The busy streets of Gran Canaria were suddenly alien to Kevin. People pushed past him without looking and without apology. No one spoke to him and he spoke to no one. He wasn’t in the mood. He needed somewhere to sit, alone, and think things out. A bar maybe, not a screaming, loutish lads’ bar with five pint beer glasses and thumping music but somewhere secluded and quiet. But where?

He stopped, looked down a set of steps and gazed at the concrete and steel shopping centre below him. It was night now. Above him the sky was orange in the spill of thousands of street lamps. No starlight could penetrate that haze. Beneath, in the wide bowl of the open square of the shopping centre people were strolling, heading towards the many bars that were opening around the dusty, dry park in the centre. Maybe down there he would find a quiet corner to sip a beer, calm down and think.
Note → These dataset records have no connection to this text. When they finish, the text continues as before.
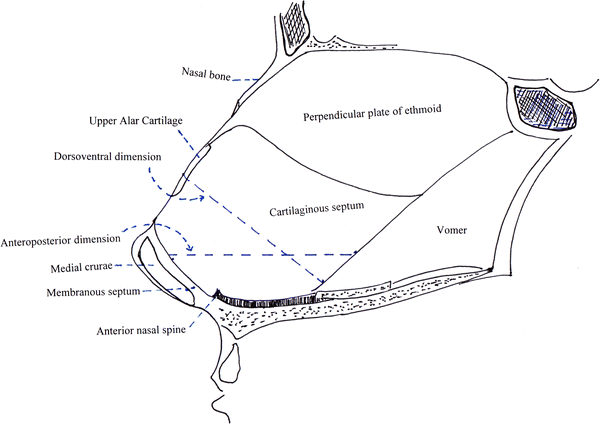 Septoplasty can Change the Shape of the Nose | SpringerLink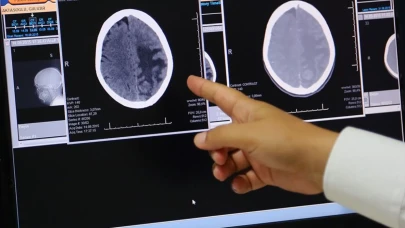 Baş ağrısı ve kusma beyin tümörünün ilk işareti olabilir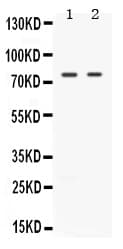 MAP3K7 / TAK1 Antibody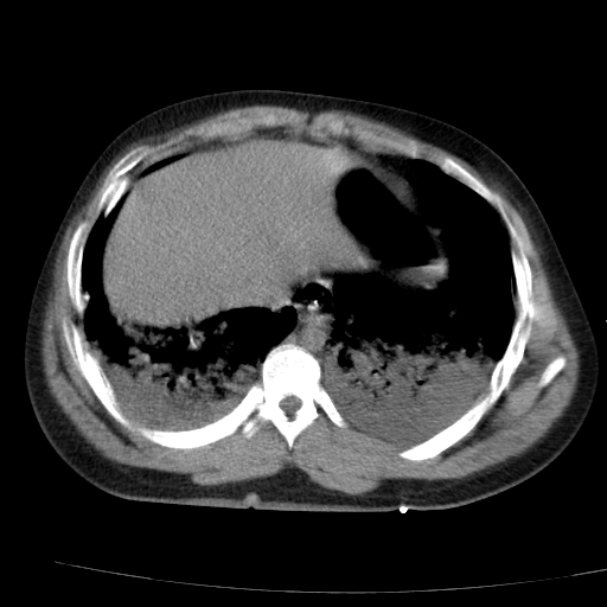 Acute aspiration pneumonitis (Radiopaedia 33605-34703 Axial non-contrast 67).jpg
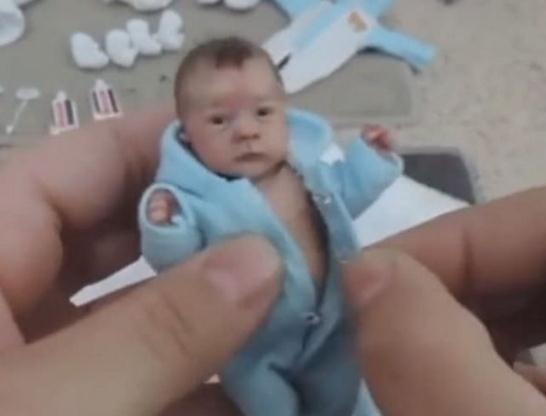 男子给拇指婴儿穿衣服，父母抱宝宝纷纷驻足，看清后感觉不可思议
Up at street level, cars and taxis drove on their horns, fumes and chaos filled the street. Down there had to be quieter than up here. Hoisting his bag over his shoulder he headed down the steps.

No one paid him any attention down there; he was just another tourist wandering the square looking for some evening distraction. The bars were half empty as he made a circuit of those that bordered the park. Some were still closed, blacked out windows and padlocked doors suggested that this area came alive later in the darker hours of the night. He passed a sauna, it too looked closed. Black walls, a neon sign displaying its name in flickering, not quite working, script: The Locker Room.

‘That’s original,’ Kevin mumbled and walked on.

The building beside it, set back from the path under the overhang of a walkway above, looked even less promising. ‘The Pink Pamper’ stated unashamedly that it was a beauty parlour for men. Kevin snorted a laugh. And the next, ‘The Sling’, also blacked out and looking like a squat. It was aiming for a military theme with camouflage netting drawn in spray paint across its façade.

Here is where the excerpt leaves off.